La même «méthode douce» est appliquée avec succès en Libye où l’OTAN, avec l’aval de l’ONU et sous prétexte de «préserver des vies humaines», a soutenu et armé la rébellion qui a réussi à entrer à Tripoli, capitale libyenne, le 22 août 2011. La France a été particulièrement active en Libye. En effet, ses conseillers militaires voire même des mercenaires français sont bien présents en Libye. «La mort, le 12 mai, de Pierre Marziali, fondateur de la société Secopex, à Benghazi a replacé sur le devant de la scène médiatique le débat sur le développement des sociétés militaires privées (SMP)» rapportait Le Monde du 02/07/2011. De plus, des actions illégales ont émaillé le «soutien» apporté par l’OTAN à la rébellion libyenne. «La France reconnaît avoir livré des armes aux rebelles libyens, malgré l’embargo» décrété par la Conseil de sécurité de l’ONU. (Natalie Nougayrède- Le Monde du 01/07/2011).

Détourner les résolutions de l’ONU ou les ignorer : tout est bon pour les soi-disant «défenseurs du droit international» afin d’atteindre leur objectif. Un procédé largement utilisé par Israël qui, depuis sa création, se moque de l’ONU et de ses résolutions.

Faut-il rappeler qu’avant 1991, la présence de deux blocs avait largement favorisé l’émancipation nationale en Afghanistan, en Irak, en Egypte, en Syrie, en Libye, en Tunisie, au Maroc, en Algérie et en Afrique sub-saharienne. L’effondrement de l’Union soviétique en 1991 a ouvert un boulevard à l’Occident qui a reconquis patiemment le terrain perdu en Europe orientale, en Asie centrale, en Afrique et maintenant en Afrique du Nord qui ne comptait que deux pays politiquement indépendants : la Libye et l’Algérie. L’intervention de l’OTAN en Libye entre dans le cadre de la reconquête colonialiste et n’a pas eu lieu pour les beaux yeux des rebelles libyens.

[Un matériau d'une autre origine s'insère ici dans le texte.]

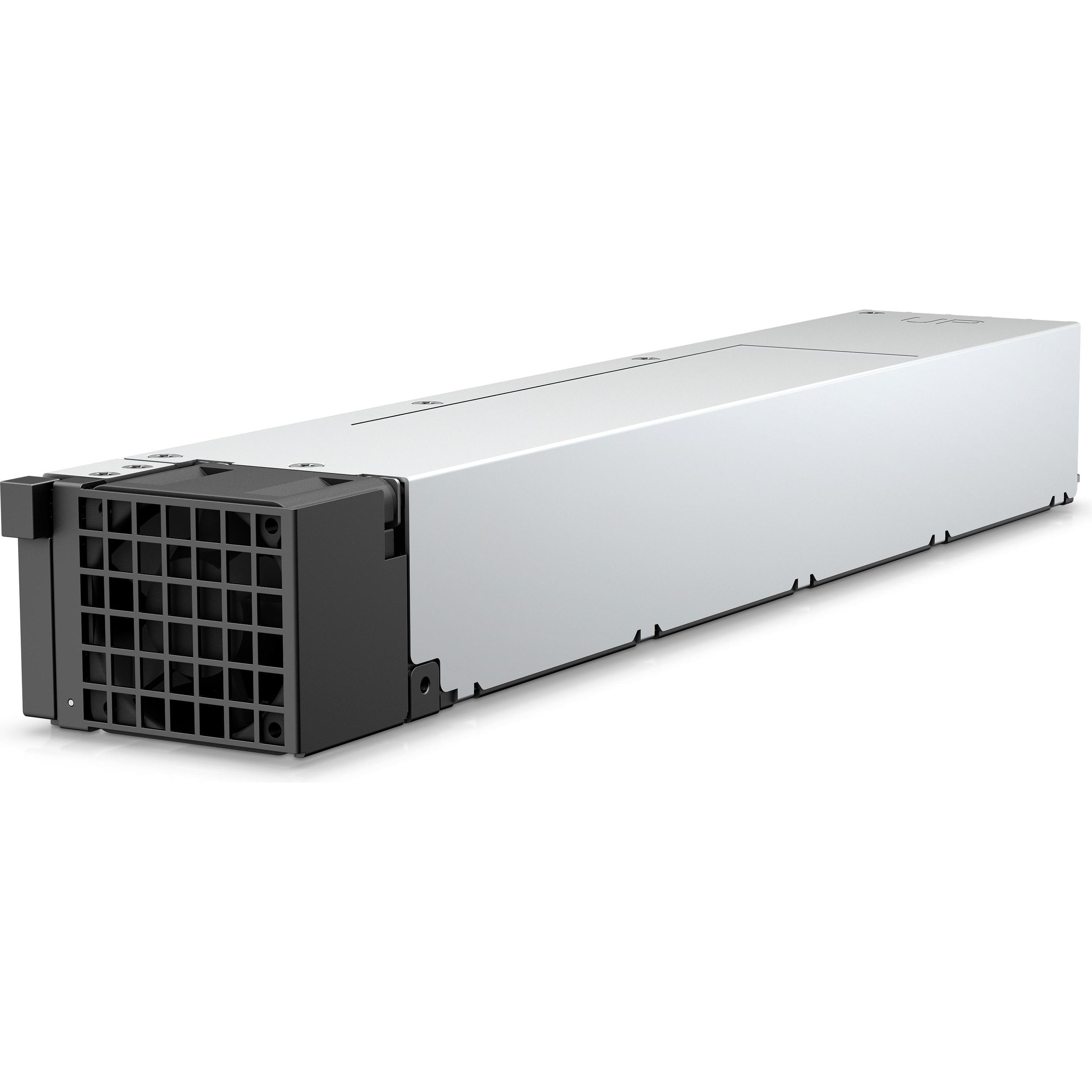 HP ZCentral 4R 2nd 675W Pwr Supply (675 W), PC Netzteil, Schwarz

L’Occident s’accommode bien avec des régimes réactionnaires et moyenâgeux comme les régimes saoudien, yéménite, bahreïni ou koweitien. C’est la preuve que l’OTAN et les libertés démocratiques sont irréconciliables, comme le sont l’eau et le feu. Pour écraser la contestation démocratique au Bahreïn, l’Arabie saoudite n’a pas hésité à y intervenir militairement les 13 et 14 mars 2011, sous l’œil bien veillant de la Ve flotte américaine, basée dans l’Archipel.

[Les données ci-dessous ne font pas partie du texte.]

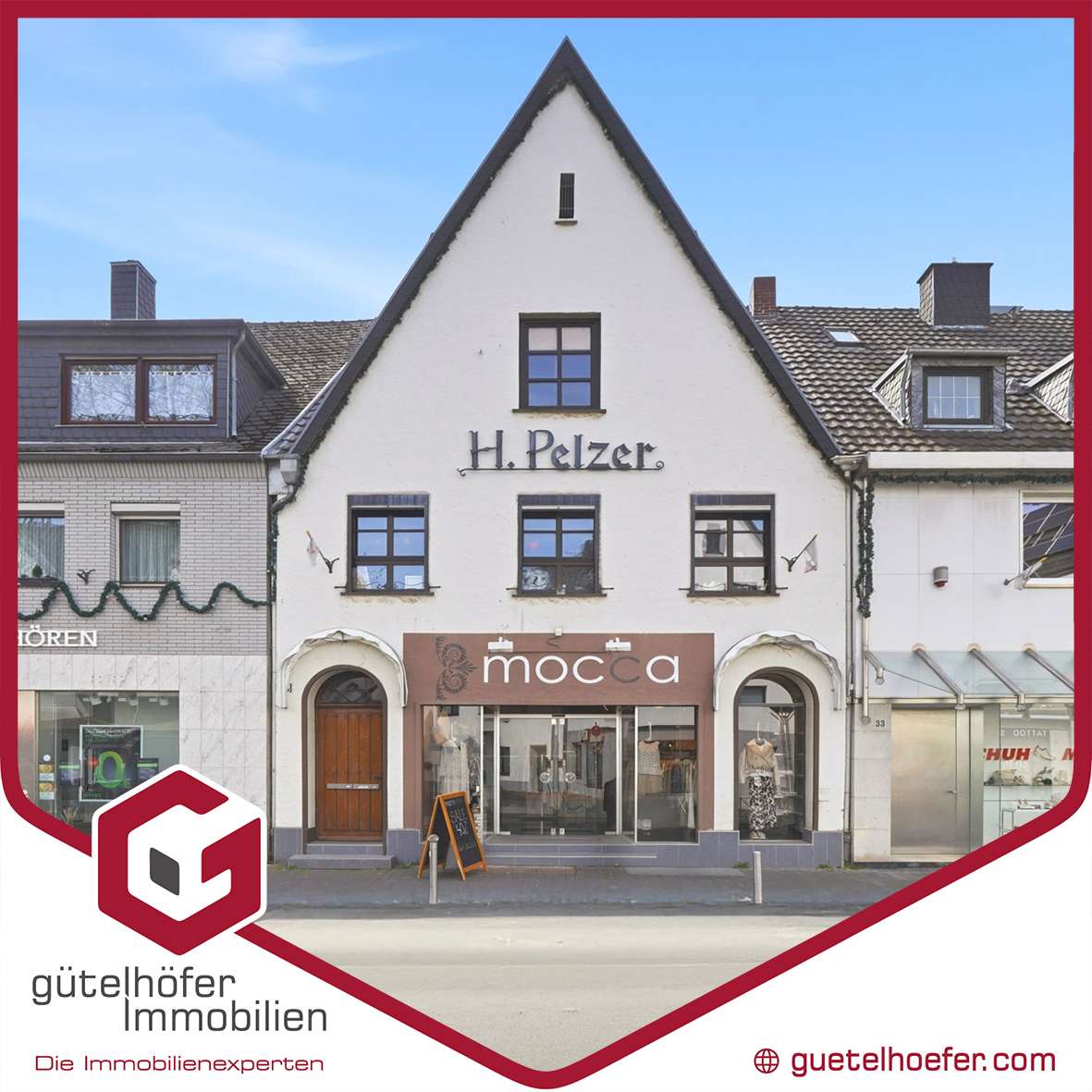 Thumbnail-Haus zum Kaufen in Rheinbach 599.000,00 € 229 m²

Tout porte à croire que face à des régimes dictatoriaux qui font régner la terreur au sein de la population et à la sirène «démocratique» des colonialistes, les peuples n’ont vraiment pas le choix. Que propose la république islamique aux Iraniens et autres peuples, assoiffés de libertés ? Une société régie par un corpus de lois moyenâgeuses où l’inquisition permanente et la répression policière maintiennent les hommes et surtout les femmes dans le gouffre d’une dictature religieuse et obscurantiste. Le régime laïc syrien ne propose pas mieux qu’un régime policier où la population affronte quotidiennement la mort. Peut-on parler aux Iraniens et aux Syriens des biens faits d’un régime politiquement indépendant, alors que ses meilleurs fils et filles croupissent dans les geôles de «régimes indépendants» ou meurent en exil ?

Les Libyens- ou une fraction d’entre eux- ont choisi la «démocratie» larguée par les avions de l’OTAN et vont vivre sous le joug de l’Occident qui «valorisera» le pétrole, les pipelines, les gazoducs et la position géostratégique de la Libye.

Après la mer Noire, la Méditerranée devient presque entièrement une mer occidentale. Il ne reste que la Syrie, le verrou de l’Iran et de la Palestine pour que le «Grand Moyen-Orient» soit réalisé. Si rien ne bouge, la dictature policière laïque syrienne, la dictature religieuse et inquisitoire de la république islamique et les défenseurs palestiniens ou libanais de la charia médiévale (même minoritaires) sont condamnés d’avance. Le compte à rebours a commencé en 2009, date de la naissance du «Mouvement Vert» en Iran.